TASK DIRECTIONS:
When the listing below reaches the line that has "Snapshot of MaryHarrys", start reproducing exactly; stop after the line that has "Detel Aurand /", and drop the pictures.

━━ MATERIAL FOR THE TASK

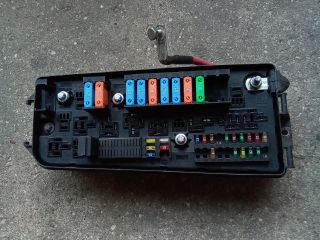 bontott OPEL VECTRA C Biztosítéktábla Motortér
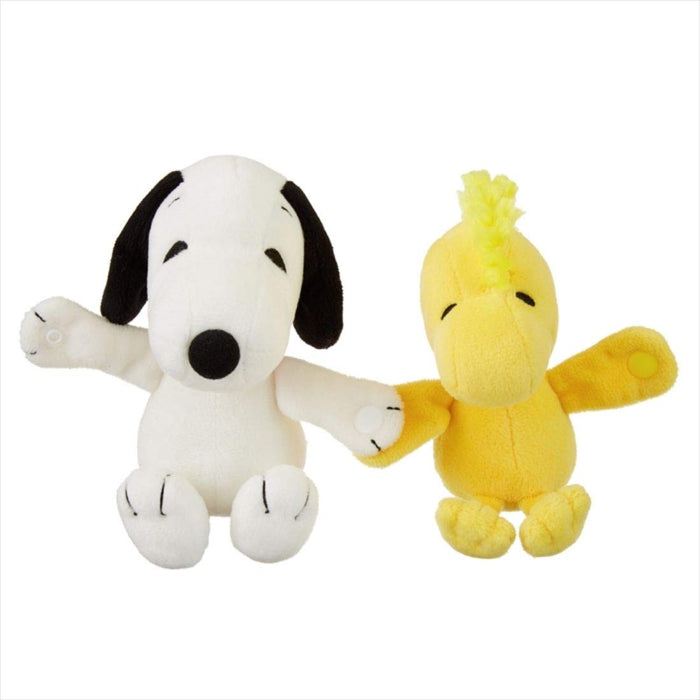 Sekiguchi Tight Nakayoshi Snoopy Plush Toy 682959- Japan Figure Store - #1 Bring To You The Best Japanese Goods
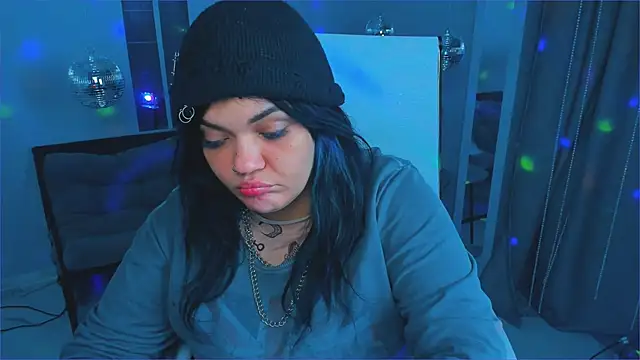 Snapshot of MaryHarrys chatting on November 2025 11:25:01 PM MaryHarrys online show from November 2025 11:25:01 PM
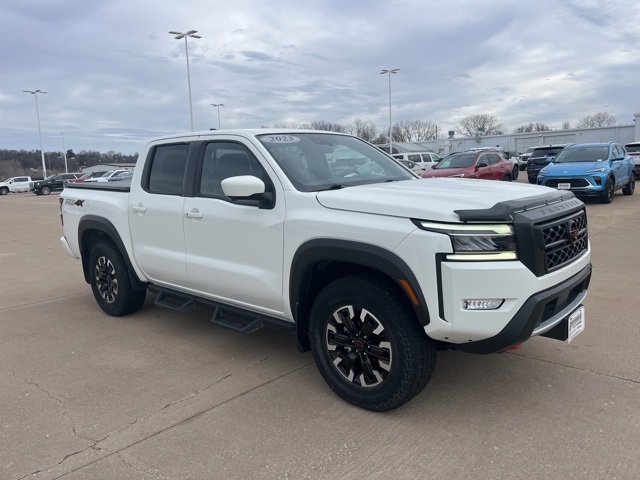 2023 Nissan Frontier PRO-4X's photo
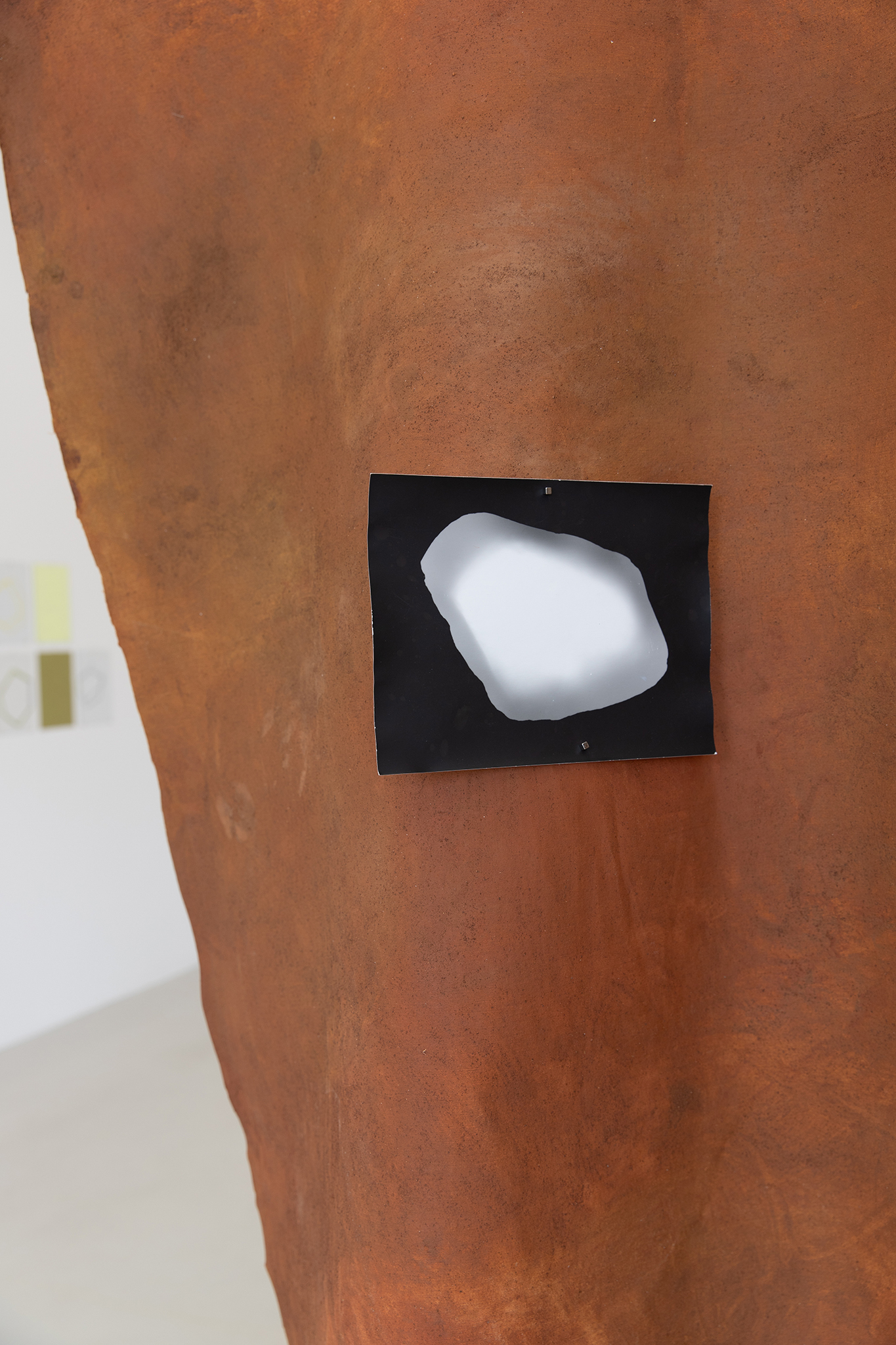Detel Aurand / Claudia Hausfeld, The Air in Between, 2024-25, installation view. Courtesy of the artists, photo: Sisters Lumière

━━━━
━━ MATERIAL FOR THE TASK

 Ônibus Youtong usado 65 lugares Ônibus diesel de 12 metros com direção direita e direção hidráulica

━━━━
━━ MATERIAL FOR THE TASK

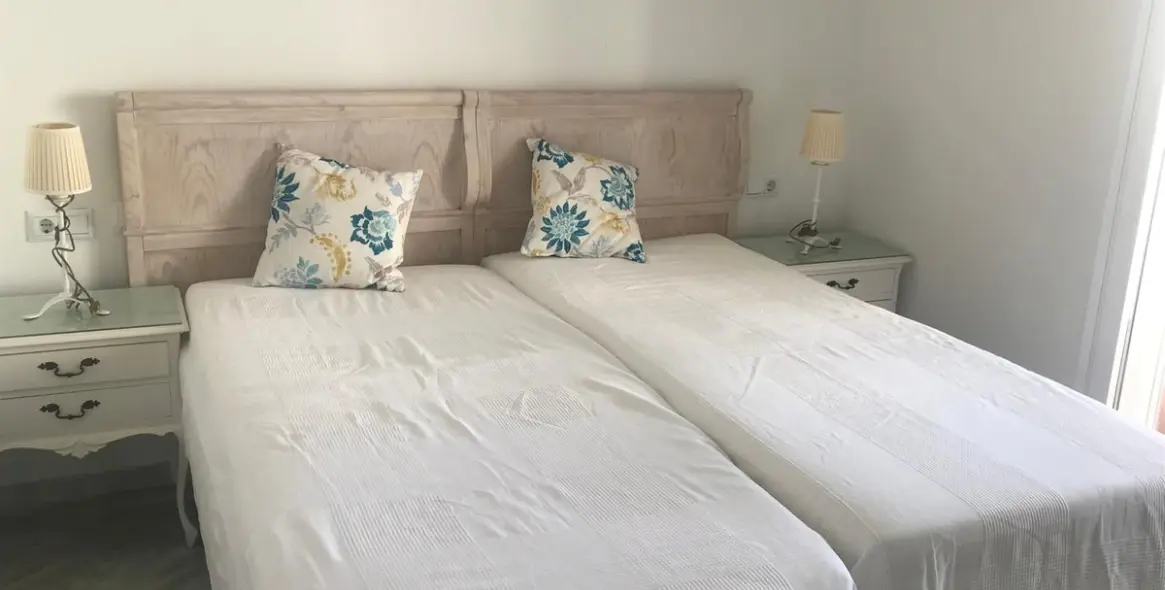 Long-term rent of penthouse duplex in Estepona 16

━━━━

ANSWER AREA:
 Snapshot of MaryHarrys chatting on November 2025 11:25:01 PM MaryHarrys online show from November 2025 11:25:01 PM
 2023 Nissan Frontier PRO-4X's photo
Detel Aurand / Claudia Hausfeld, The Air in Between, 2024-25, installation view. Courtesy of the artists, photo: Sisters Lumière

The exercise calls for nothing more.